TINY IS BEAUTIFUL
As alert viewers will have noticed, one of the things Emu Zone loves most of all about emulation is the way that as well as giving coders a place to demonstrate their technical skills, it also provides a platform for people to showcase their creative sides. Enthusiasts using emulators to develop new software for “obsolete” systems – many of which were never originally accessible to independent programmers, unless they bought official development kits costing thousands and thousands of pounds – have brought us a tantalising glimpse of an alternative past/future where games machines were allowed to flower to their full potential instead of being rushed into an early grave by lazy developers who couldn’t be bothered learning how to use them properly.
This month, Emu Zone would like to shine a light on some of the most impressive work done by such people, tackling the challenge of producing playable, fun games with the barest minimum of resources, and nowhere will you find those skills better illustrated than with the MiniGame Competitions.
Staring in 2002, the compo challenged coders to come up with games, for any format, which took up just 1K of code or less (for reference, the text of this Emu Zone column up to this point, including this bit in brackets, is 1.39K in Notepad. To get it down to 1K, we’d have to cut it off after “those skills better” in the previous paragraph.) In 2003 the compo added a category for games in an elephantine 4K, but both years came up with stunning results, running on platforms from the Atari VCS, ZX81 and Commodore Pet up to the Spectrum, NES and Game Boy Color.
Arcade games, driving games, shooting games, puzzle games, typing games, platformers, even RPGs made a showing. Quite a few of the games are pretty rubbish, of course, being made strictly for the novelty of getting something running in a handful of bytes, but a surprising number are genuinely enjoyable and stand up to repeated play.

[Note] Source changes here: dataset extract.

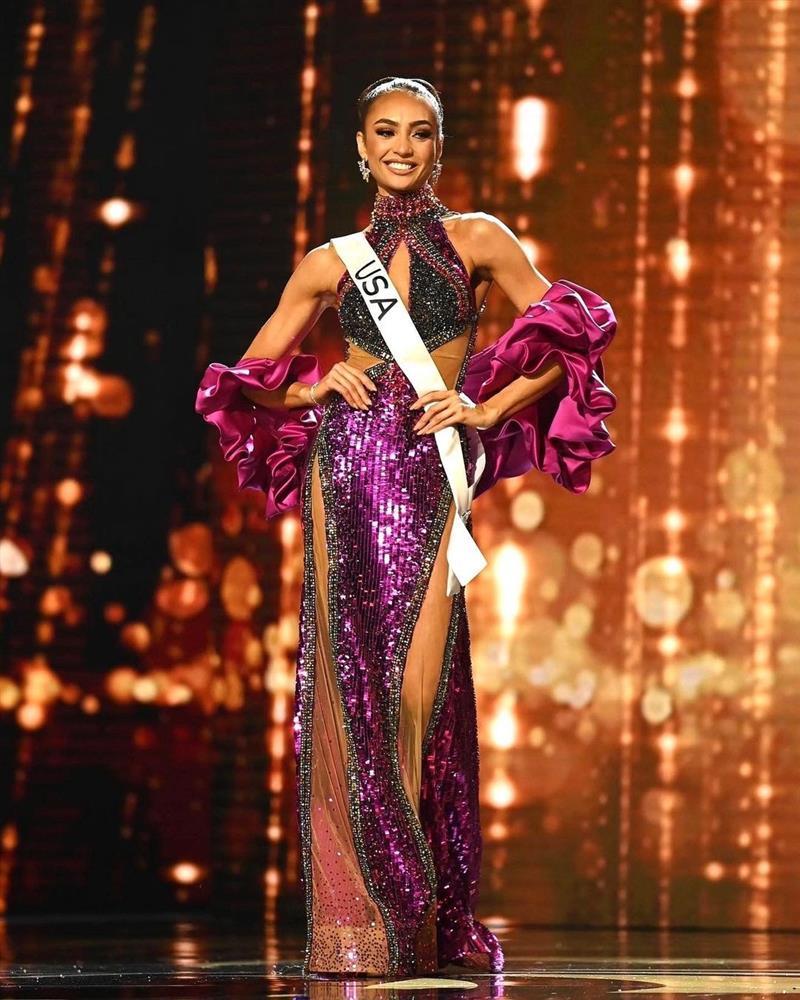 Nhan sắc lai cuốn hút, profile ấn tượng của tân Miss Universe-5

Emu Zone’s personal favourite is Maziacs1, a remake of the Spectrum classic Maziacs (which Free Play brought you a splendid PC update of in PCZ141, back issue fans), which manages to cram all of the original’s features and gameplay – and a pretty close rendition of its graphics and sound – into the tiny 1K space. But with over 100 games across the two compos, there are literally hours of entertainment to be found browsing through these miniature marvels.